-- Dataset content --
++++++++++

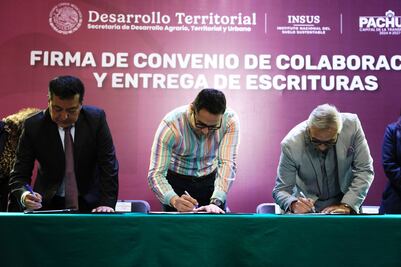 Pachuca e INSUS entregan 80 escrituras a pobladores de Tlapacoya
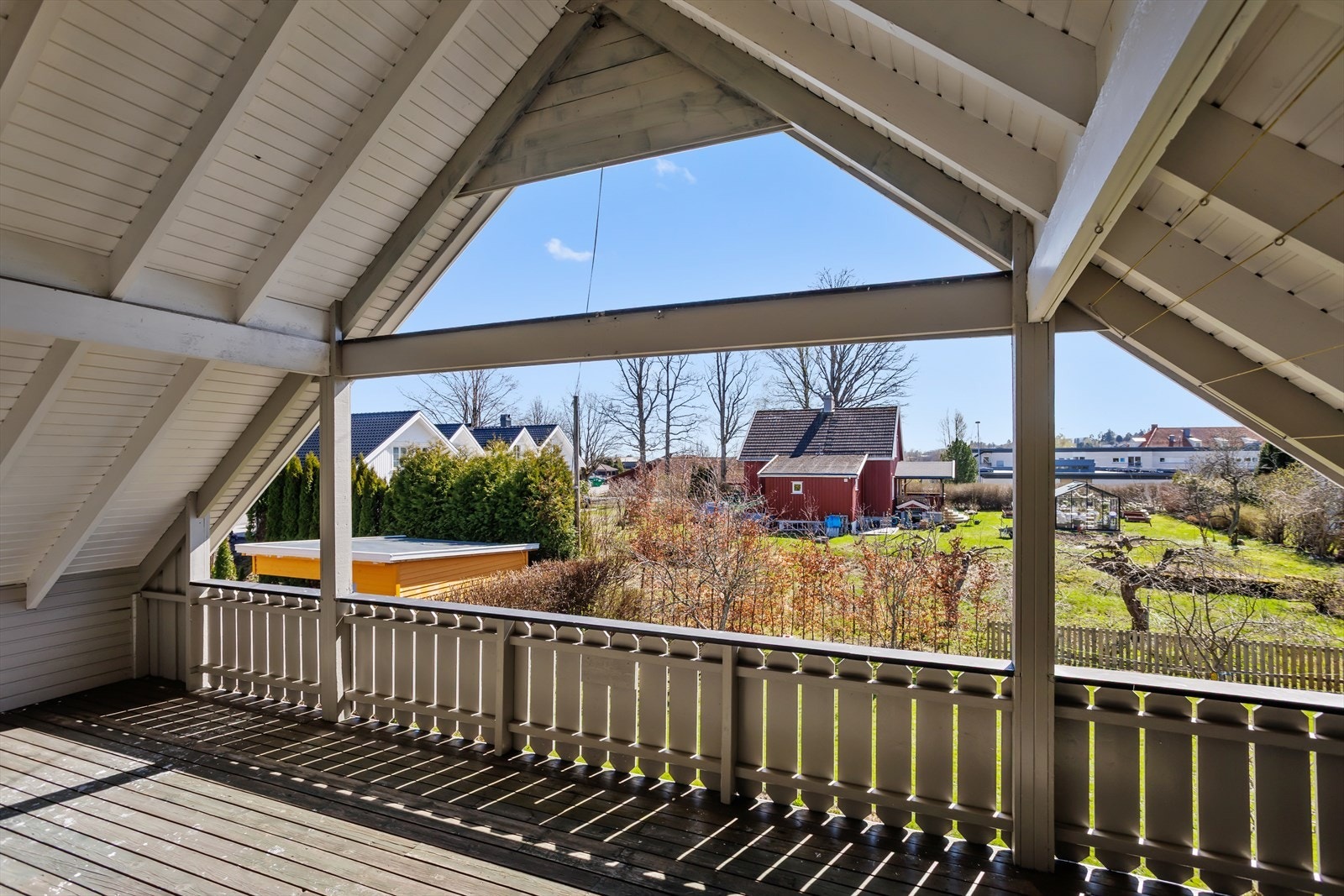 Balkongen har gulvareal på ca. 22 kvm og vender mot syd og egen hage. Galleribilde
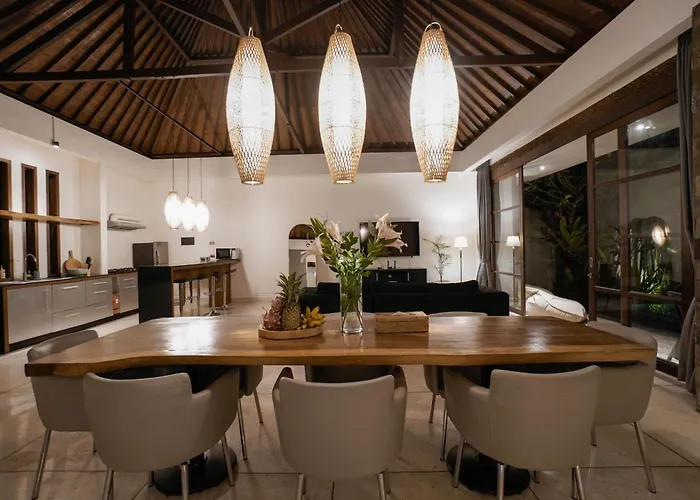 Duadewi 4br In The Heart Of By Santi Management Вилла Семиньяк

++++++++++

Reproduce the material above exactly but drop all images.

-- Problem solution --
 Pachuca e INSUS entregan 80 escrituras a pobladores de Tlapacoya
 Balkongen har gulvareal på ca. 22 kvm og vender mot syd og egen hage. Galleribilde
 Duadewi 4br In The Heart Of By Santi Management Вилла Семиньяк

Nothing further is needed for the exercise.